### SUPPLIED INFORMATION
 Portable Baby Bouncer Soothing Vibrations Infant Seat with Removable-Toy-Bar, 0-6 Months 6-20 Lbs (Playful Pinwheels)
==
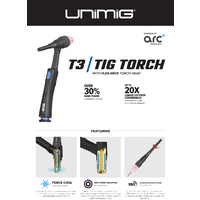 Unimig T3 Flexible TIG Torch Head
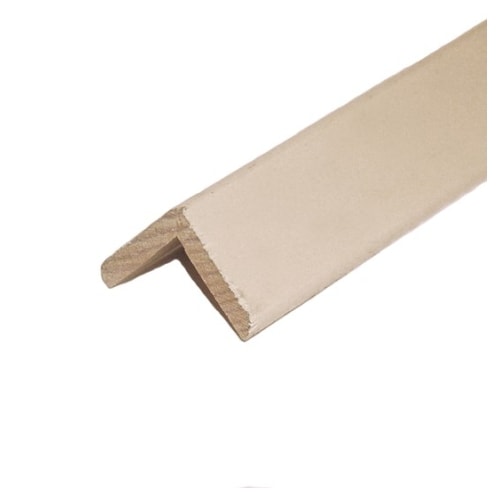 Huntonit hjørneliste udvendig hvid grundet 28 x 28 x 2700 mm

### EXERCISE PROMPT
Using the entries above, repeat exactly the lines from the one with "Unimig T3 Flexible TIG Torch Head" to the one with "Huntonit hjørneliste udvendig", both included, and leave the pictures behind.

### THE COMPLETED TASK
 Unimig T3 Flexible TIG Torch Head
 Huntonit hjørneliste udvendig hvid grundet 28 x 28 x 2700 mm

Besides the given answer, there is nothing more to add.